Exercise prompt → Would you repeat every entry below word for word but drop the images?

Available records →
-----
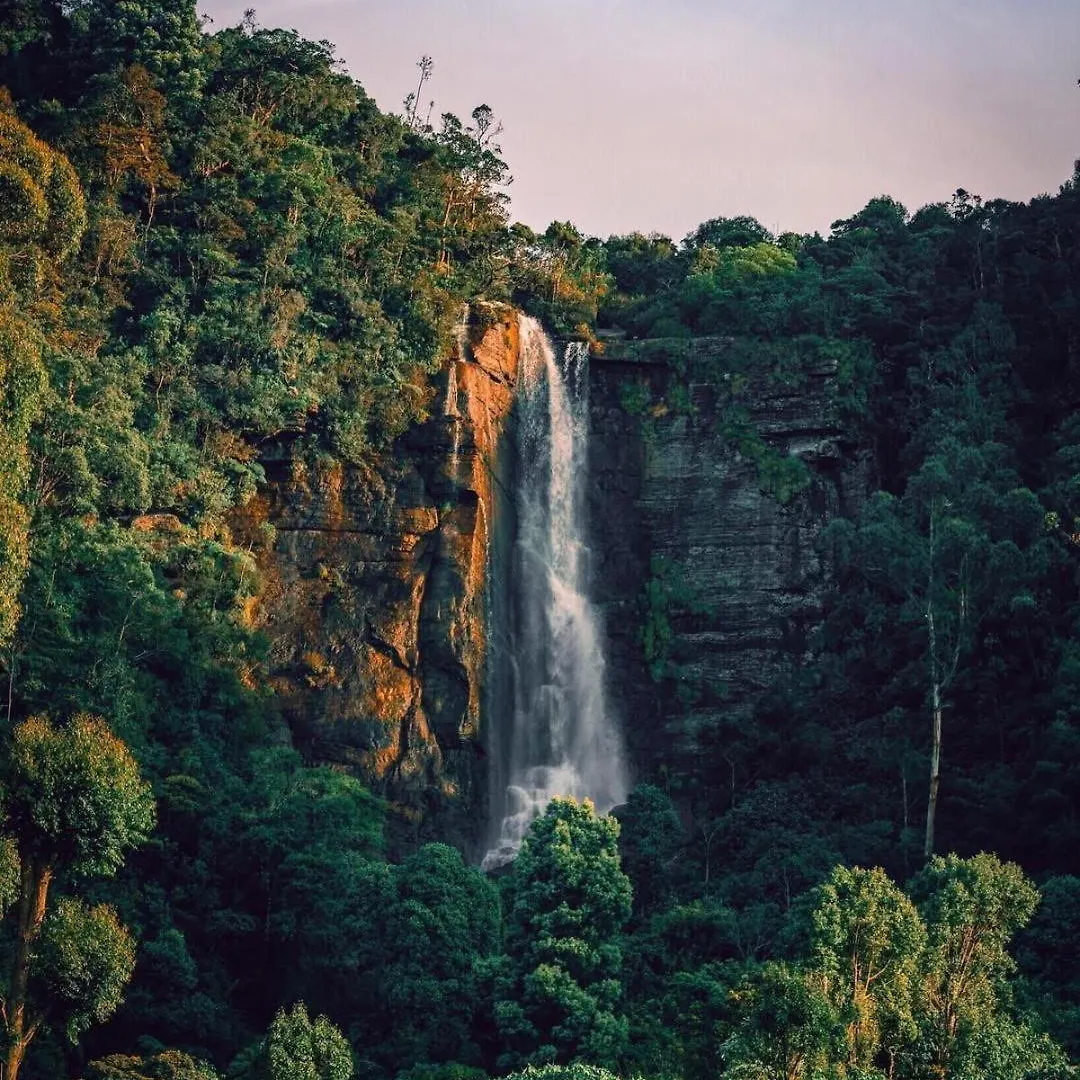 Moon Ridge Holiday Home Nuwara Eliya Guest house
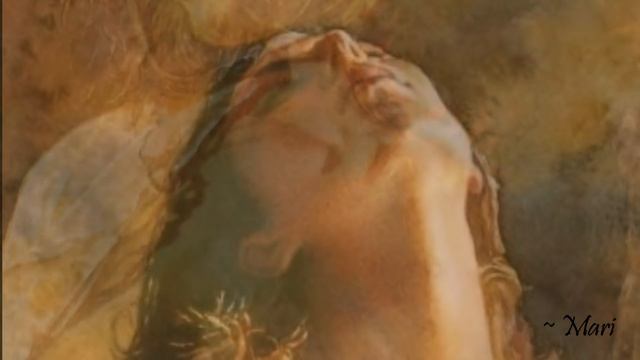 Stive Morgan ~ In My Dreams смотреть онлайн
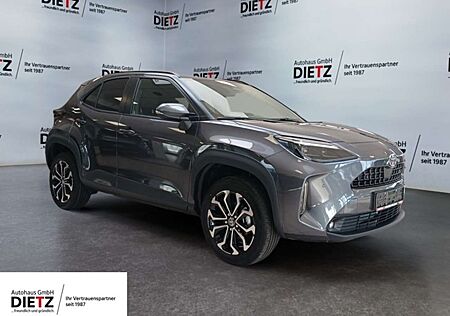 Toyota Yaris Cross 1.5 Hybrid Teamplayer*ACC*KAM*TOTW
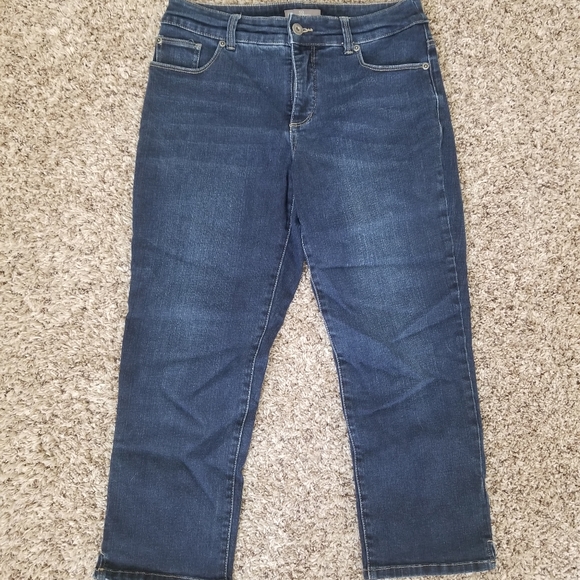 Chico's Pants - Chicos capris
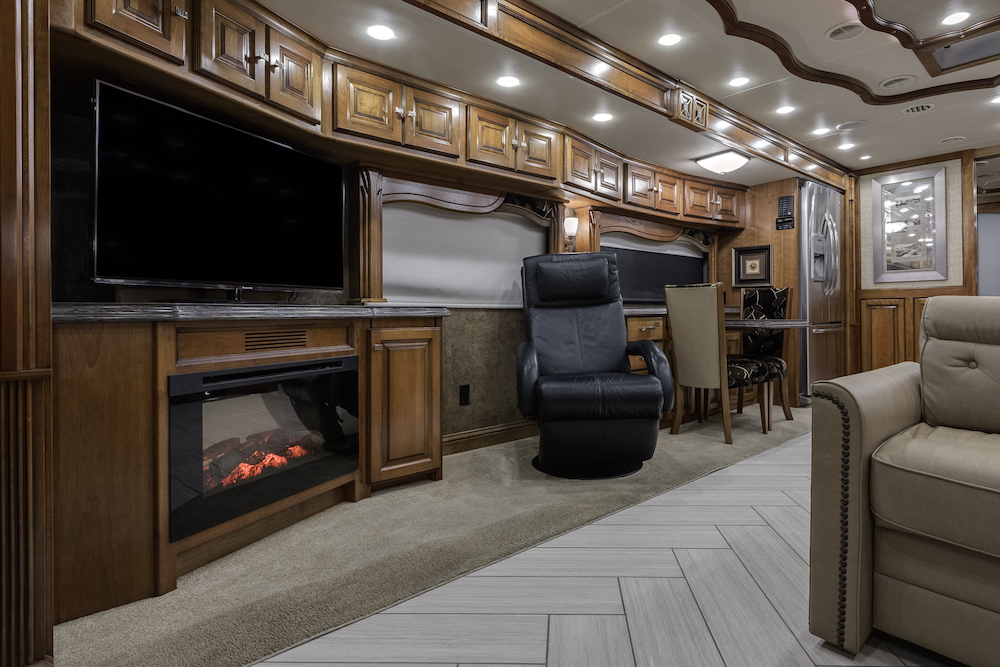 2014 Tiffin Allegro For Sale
-----
Output →
 Moon Ridge Holiday Home Nuwara Eliya Guest house
 Stive Morgan ~ In My Dreams смотреть онлайн
 Toyota Yaris Cross 1.5 Hybrid Teamplayer*ACC*KAM*TOTW
 Chico's Pants - Chicos capris
 2014 Tiffin Allegro For Sale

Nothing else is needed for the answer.